I like to think that you can enjoy the story without knowing the details of the Ruger firearms catalog or all the Native American names for Washington’s stratovolcanoes. The story doesn’t hinge on any of these details and provides enough context that you should have enough of the idea to keep reading. X-Ray is there for readers who enjoy stopping to indulge their curiosity. For the real-world terms, the Wikipedia text does a fine job. For the products of my imagination, I provide more details to flesh out the story’s world.
In the current X-Ray, there are 24 custom entries and 163 Wikipedia terms.
Characters central and minor
The core cast of Raether numbers about twenty.
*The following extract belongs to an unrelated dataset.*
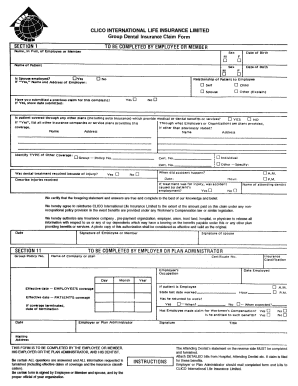 Clico Dental Plan Form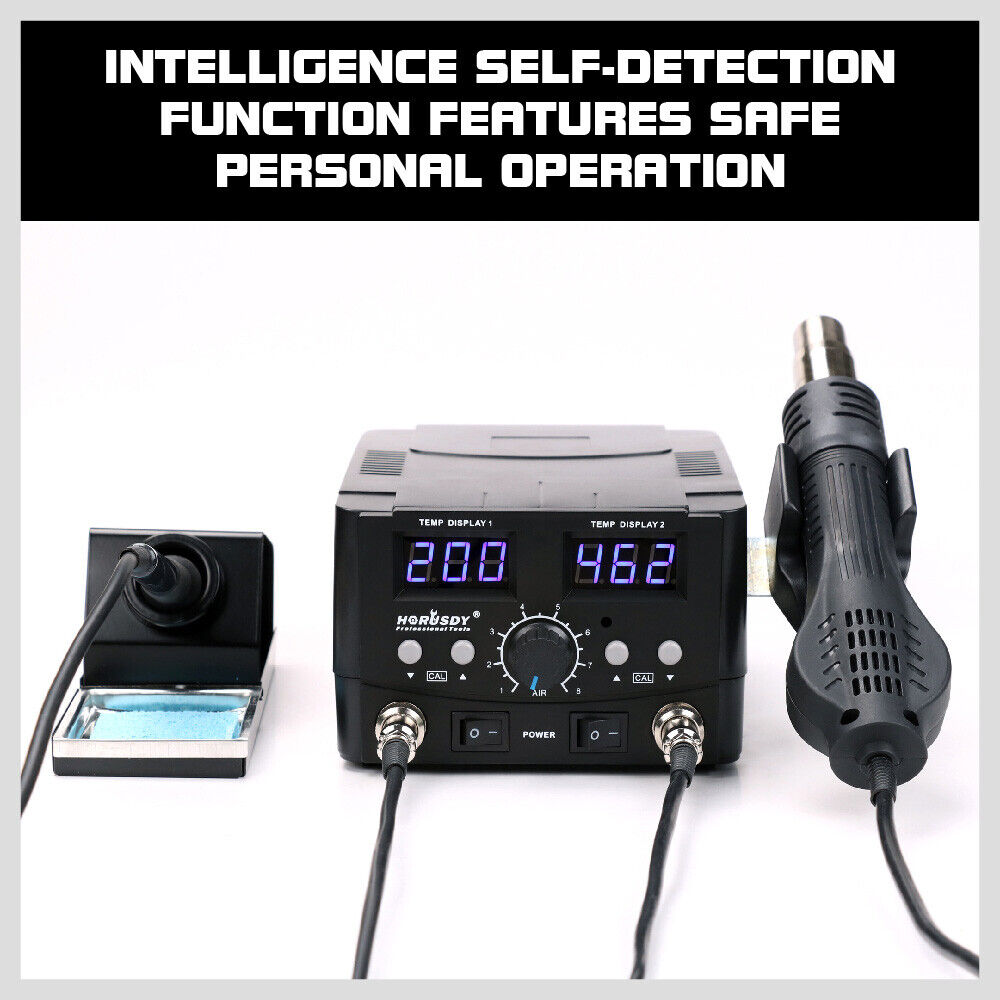 Professional 2-in-1 soldering and desoldering station equipped with a precision hot air gun and soldering iron, featuring dual digital LCD displays for accurate temperature control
There are a great many more secondary and named minor characters. X-Ray’s automated search counted a total of 143. Some of those were false-positives. ‘Roooowf’ is a noise a character makes, not a new character. After coalescing the nicknames and excluding the super-minor characters, the current X-Ray has entries for eighty fictitious people.
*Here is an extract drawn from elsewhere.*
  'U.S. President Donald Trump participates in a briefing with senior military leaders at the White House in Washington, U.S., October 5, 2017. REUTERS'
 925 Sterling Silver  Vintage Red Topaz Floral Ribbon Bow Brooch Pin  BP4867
The character profiles should enrich the reader’s understanding of the major characters but not reveal anything that would revise that understanding. The text of the novel should be the reader’s guide to the characters. This sets up a balancing act for the X-Ray profiles. They need to be interesting enough to reward the reader, but not reveal secrets. I erred on the side of being shorter and less interesting. X-Ray content can be revised at any time, so I may revisit this in the future.
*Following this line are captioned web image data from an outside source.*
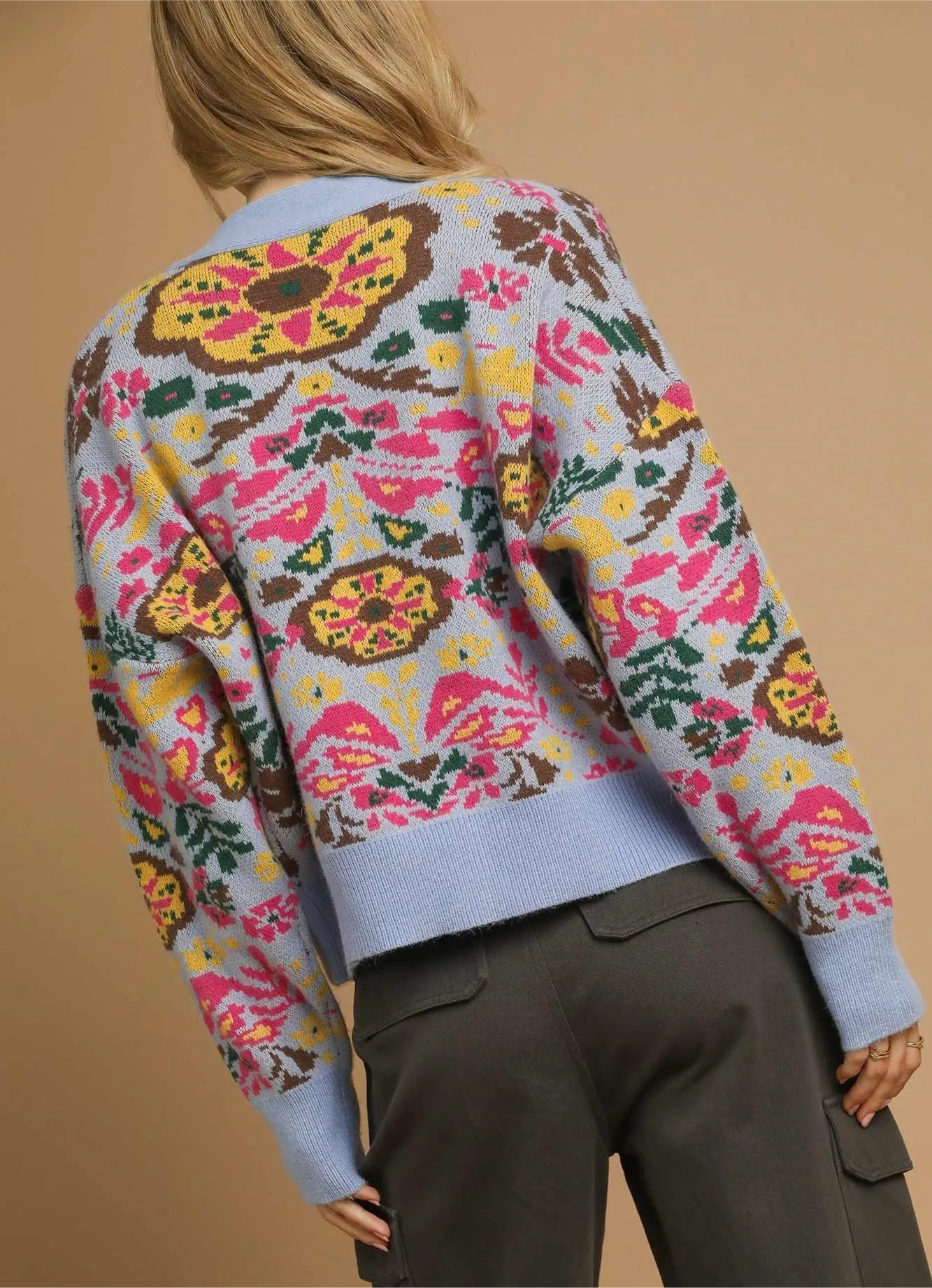 Umgee Floral Knit Button-Up Cardigan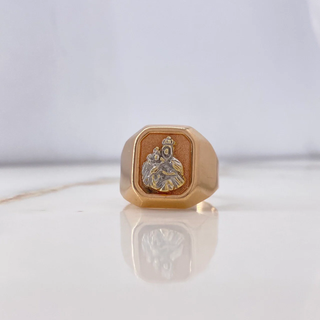 Anillo Sello Virgen del Carmen | Dos Oros Blanco Rosa | 3.9gr | T9 1/4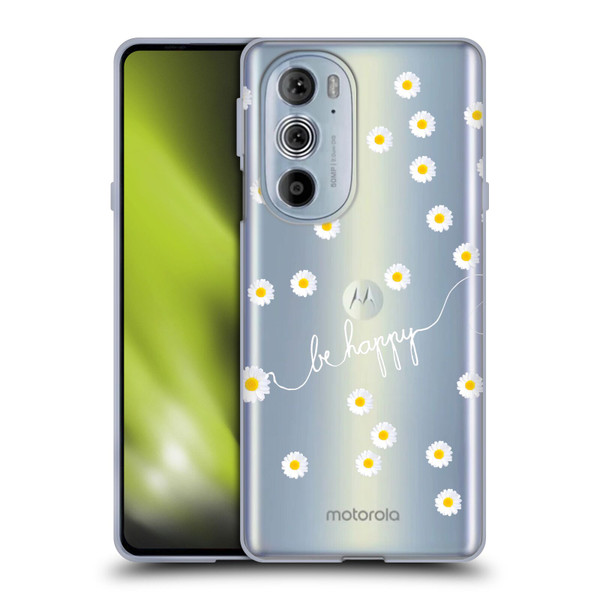 Monika Strigel Happy Daisy Clear Soft Gel Case for Motorola Edge X30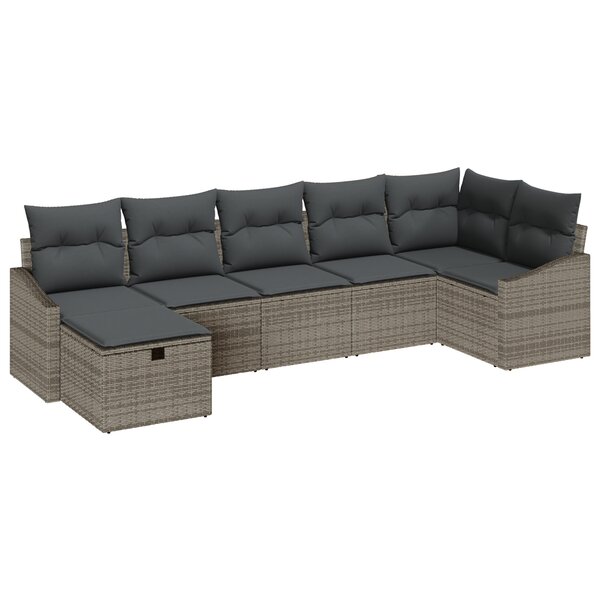 vidaXL Set de canapé de jardin 7 pièces avec coussins gris poly rotin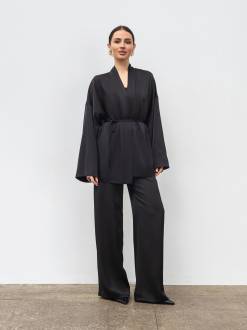 Кимоно укороченное &quot;Дей&quot; Romashka, Черный, One size 19869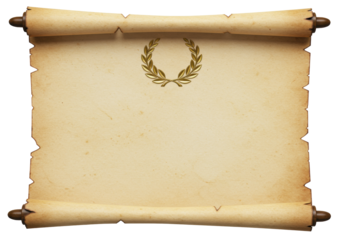 Old paper scroll with laurel wreath isolated, antique parchment for certificate or diploma on transparent background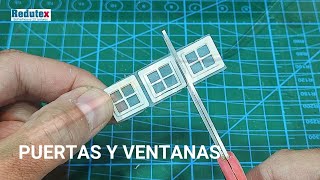 Puerta y ventanas para modelismo a escala
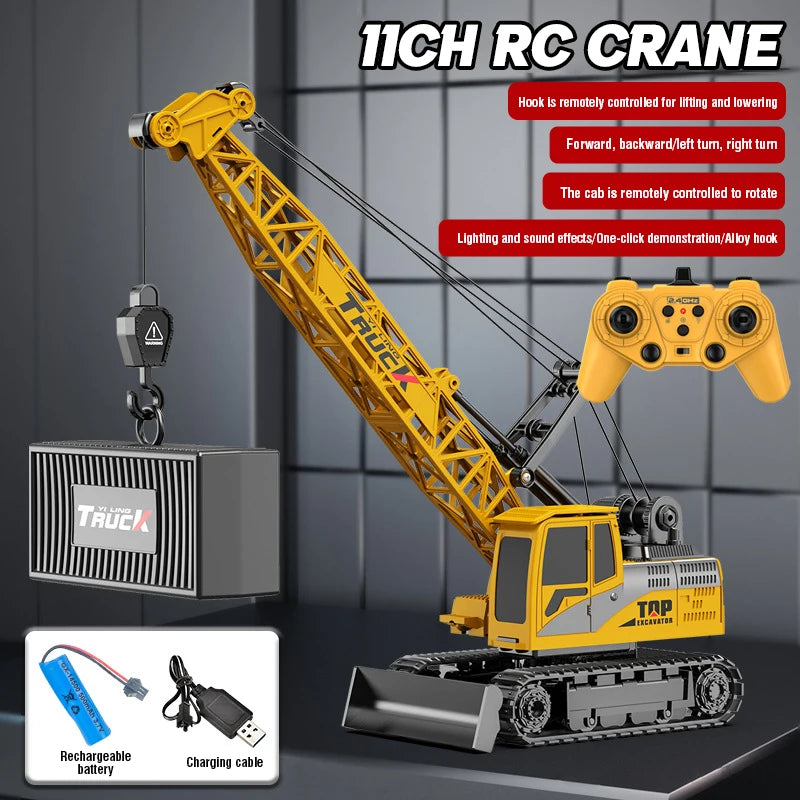 Laege Rc Truck 15Ch &ndash; Remote Control Alloy Arm Crane 31CM 11CH yellow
For the minor characters, I recapped what we already know about them as an aid for readers who might have lost track and explained a few that came up in passing conversations.
Beyond Raether’s X-Ray
X-Ray is a nice supplemental feature that I would like to provide for future books. To make it easier, I’ll need to keep better track characters and terms. In Raether, it was all in my head. I should at least maintain a spreadsheet of who’s who and what’s what. Such accounting will help during rewrites by challenging me to justify keeping minor characters. I’m looking at you, Timothy Wood, Esq. Scrivener has facilities for keeping track of characters built in, so The Gray God will start in a better place when its time under the X-Ray comes.